Professor John Clark Murray
Another McGill professor who followed Dawson to Metis in these earlier years was Professor John Clark Murray (1836-1917), a preacher and philosopher from Paisley, Scotland, whose career was focused on transmitting the philosophical viewpoints of the Scottish Enlightenment into the Canadian context.
From 1871 to 1903, Professor Clark Murray  held the position of Frothingham Professor of Mental and Moral Philosophy at McGill, where he became close friends with Dawson. In 1886, he wrote a letter  to Dawson from Metis addressing him as “my dear Principal”.
Two years after this letter was sent, Professor Clark Murray and Principal Dawson had a falling out over the issue of co-education and the status of women on the McGill campus – this, we can assume, led to some awkward encounters between neighbours in the summer months! And it’s all the more unusual given that Dawson’s own daughter, and his Redpath neighbours were highly educated.
Professor Dr. Norman William Trenholme
Professor Trenholme’s descendants, the Allans, still come to Metis every year. Professor (Dr.) Norman William Trenholme (1837-1919)  was McGill’s Dean of the Faculty of Law between 1888 and 1896. In 1865, he had been the first winner of McGill’s Elizabeth Torrance Gold Medal for highest standing, awarded upon graduation to a law student. In 1889, Dr. Trenholme also became a federal judge, and, between 1904 and 1918, he served as a judge on the Quebec Court of Appeal.[xi]
THE SECOND WAVE
While it isn’t possible to say when the next McGill wave began – or if the first ever ended – because many began by visiting as guests, staying in one of Metis’s large hotels (yes large! – the population of the popular Metis watering hole went from around 600 to 1,800 or more in the summer) or renting cottages – for example, at a time when families were big, or perhaps older relations preferred the amenities of a nearby hotel, it was not unusual to find, say, a Dawson on the guest register).[xii] However, one thing that separates the first wave from the second is where the visitors ended up – on the east or west side of the Little Metis River.

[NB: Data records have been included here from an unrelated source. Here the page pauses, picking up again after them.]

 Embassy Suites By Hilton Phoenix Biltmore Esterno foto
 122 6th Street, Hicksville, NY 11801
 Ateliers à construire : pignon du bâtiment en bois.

While McGill College Avenue was firmly on the east, this next batch all bought or stayed at places to the west of the Little Metis River on Patton Road or Lighthouse Point.

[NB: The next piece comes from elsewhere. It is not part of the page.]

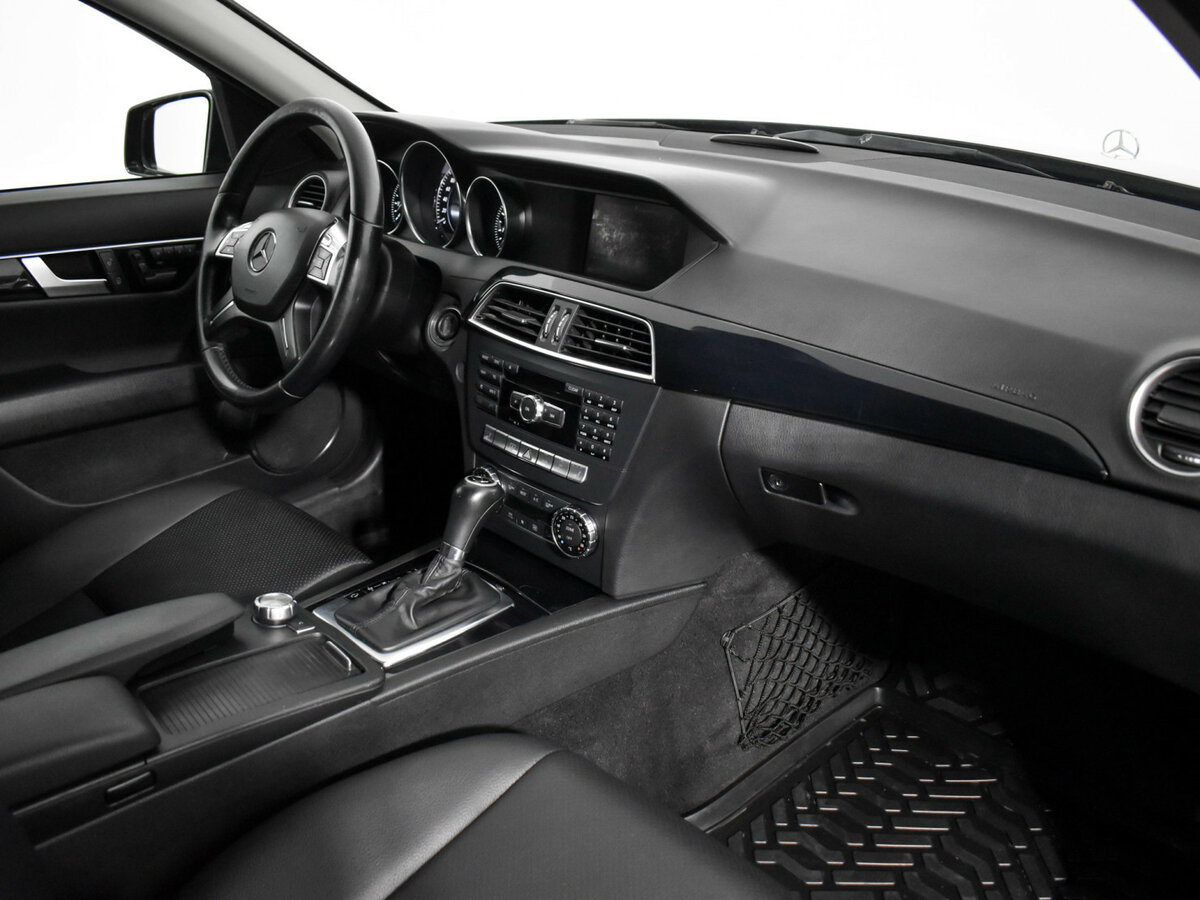 Купить Mercedes-Benz C-Класс с пробегом. Фото: #11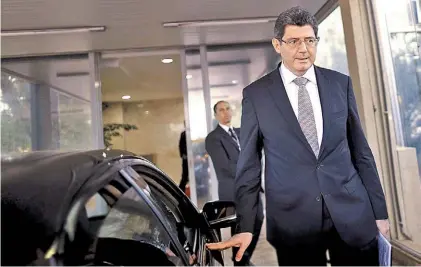  ?? REUTERS ?? Reunión. El ministro de Finanzas, Joaquim Levy, tras encontrars­e con su par de Desarrollo en Brasilia.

Professor Henry F. Armstrong
Professor Henry F. Armstrong (dates unknown) was one of two full-time faculty of McGill’s School of Architecture in the 1890s. A lecturer, Armstrong taught Descriptive Geometry, Freehand Drawing, as well as a course on Lettering and Modelling.[xiii] He took the unusual (for the time) step of buying a place out on Lighthouse Point – a cottage that had been built in 1870 and which is now 29 Lighthouse Road. In Metis, Armstrong was and still is widely known as the McGill professor who lost his eye due to an accident at Lighthouse Point golf links (in fact, it was on adjacent Patton Road). In a newspaper article of the time (yes, tales of the goings-on in – and visitors to – Metis were frequently to be found in the Montreal press of the day):
“Prof. Armstrong Injured at Golf”
“Struck in the right eye by a ‘sliced’ ball while playing golf on the Lighthouse Point links at Metis Beach on Tuesday evening, Professor Henry F. Armstrong of the Faculty of Applied Science, McGill University, was brought to Montreal yesterday and taken to the Ross Memorial Pavilion of the Royal Victoria Hospital, where an operation for the removal of the eye was performed. It was reported last evening that Professor Armstrong was doing as well as could expected.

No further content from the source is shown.